Submitted to: Plant Physiology
Publication Type: Peer Reviewed Journal
Publication Acceptance Date: 8/10/2001
Publication Date: N/A
Interpretive Summary: Phosphorus (P) is a major nutrient required for plant growth. However, crop growth is limited on 40% of the world's soils due to lack of available P. Moreover, world reserves of P are projected to become limiting in 60-80 years. To develop plants that are more efficient and require less P, we need to understand how they adapt to and acquire P in an environment lacking sufficient sources of P. The legume crop white lupin is capable of growing in very low P soils. We have been evaluating the biochemical and molecular adaptations that white lupin displays under low P. Two very novel responses that white lupin shows in response to low P are the development of unusual roots that are very brushy and the secretion of enzymes (protein catalysts) from these brushy roots. In this report we identify a novel enzyme that is secreted from white lupin brushy roots due to the stress of low P. This enzyme, called acid phosphatase, can break down soil organic matter that contains P and release it for plant growth. We describe the acid phosphatase protein and show how it is secreted from brushy roots. We also isolate the gene encoding the white lupin acid phosphatase and measure how much the gene is expressed in various plant organs. Moreover, we show that similar genes occur in other plant species. This research is useful because it provides us with a tool, acid phosphatase, that may be useful in improving P nutrition in all plants. In future studies we plan to increase the synthesis of acid phosphatase in white lupin and other crops to improve P acquisition.
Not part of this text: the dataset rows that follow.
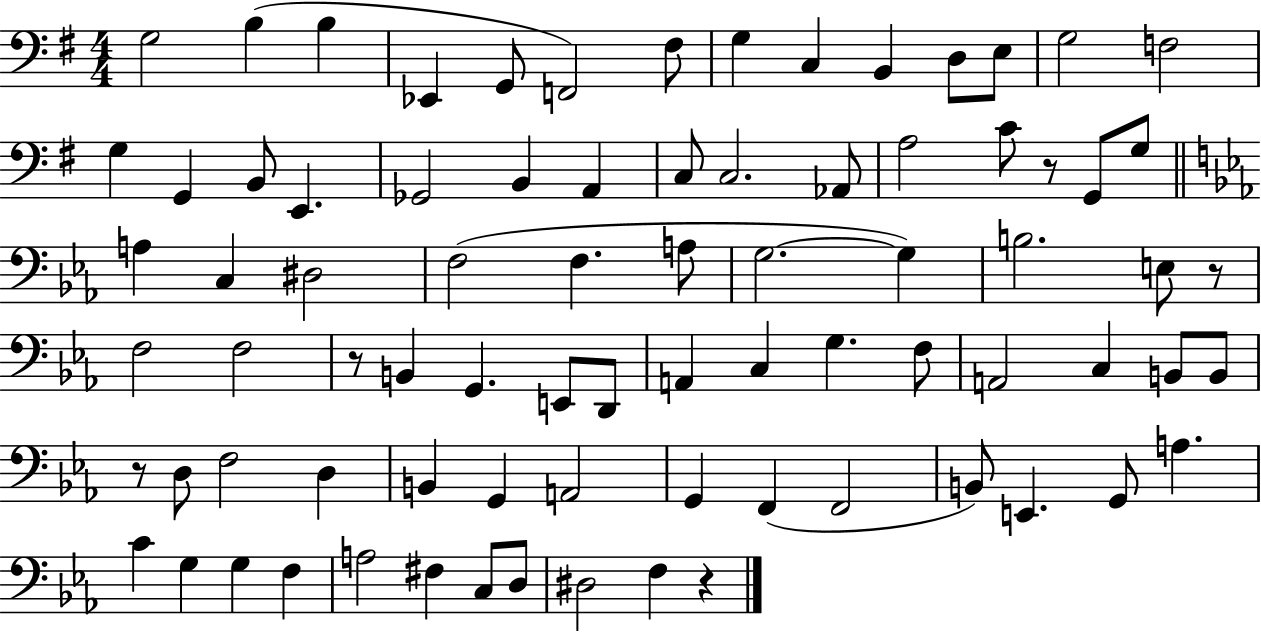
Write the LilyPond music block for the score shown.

{
  \clef bass
  \numericTimeSignature
  \time 4/4
  \key g \major
  g2 b4( b4 | ees,4 g,8 f,2) fis8 | g4 c4 b,4 d8 e8 | g2 f2 | \break g4 g,4 b,8 e,4. | ges,2 b,4 a,4 | c8 c2. aes,8 | a2 c'8 r8 g,8 g8 | \break \bar "||" \break \key c \minor a4 c4 dis2 | f2( f4. a8 | g2.~~ g4) | b2. e8 r8 | \break f2 f2 | r8 b,4 g,4. e,8 d,8 | a,4 c4 g4. f8 | a,2 c4 b,8 b,8 | \break r8 d8 f2 d4 | b,4 g,4 a,2 | g,4 f,4( f,2 | b,8) e,4. g,8 a4. | \break c'4 g4 g4 f4 | a2 fis4 c8 d8 | dis2 f4 r4 | \bar "|."
} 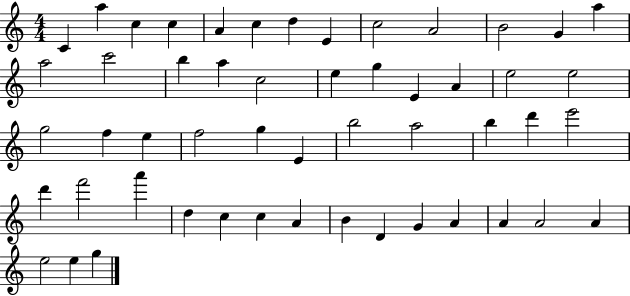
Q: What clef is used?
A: treble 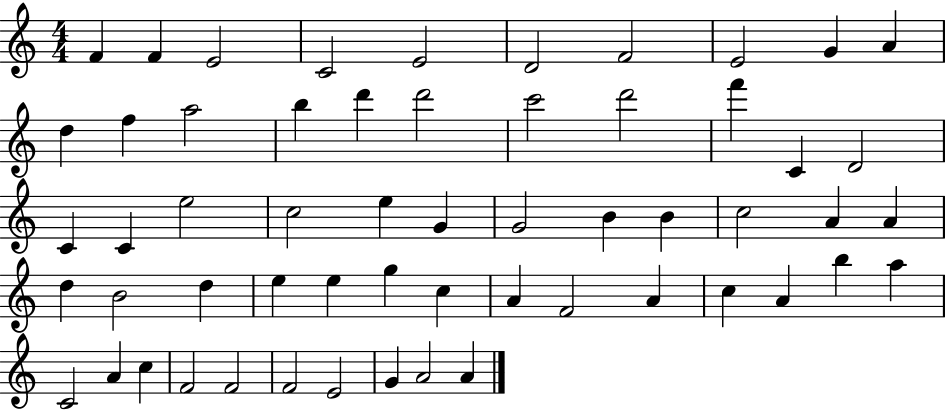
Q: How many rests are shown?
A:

Technical Abstract: White lupin grown under phosphorus (P) deficiency displays a suite of highly coordinated adaptive responses. Included among these is secretion of copious amounts of acid phosphatase (APase). Although numerous reports document that plants secrete APases in response to P deficiency, little is known of the biochemical and molecular events involved in this process. Here we characterize the secreted APase protein, cDNA, and gene from white lupin. The secreted APase enzyme is a glycoprotein with broad substrate specificity. It is synthesized as a preprotein with a deduced Mr of 52 kD containing a 31 amino acid presequence. Analysis of the presequence predicts that the protein is targeted to outside the cell. The processed protein has a predicted Mr of 49 kD but migrates as a 70 kD protein on SDS gels. This is likely due to glycosylation. Enhanced expression is fairly specific to proteoid roots of P-stressed plants and involves enhanced synthesis of both enzyme protein and mRNA. Secreted APase appears to be encoded by a single gene containing seven exons interrupted by six introns. The 5'-upstream putative promoter of the white lupin secreted APase contains a 50 bp region having 72% identity to an Arabidopsis APase promoter that is responsive to P deficiency. The white lupin secreted APase promoter and targeting sequence may be useful tools for genetically engineering important proteins from plant roots.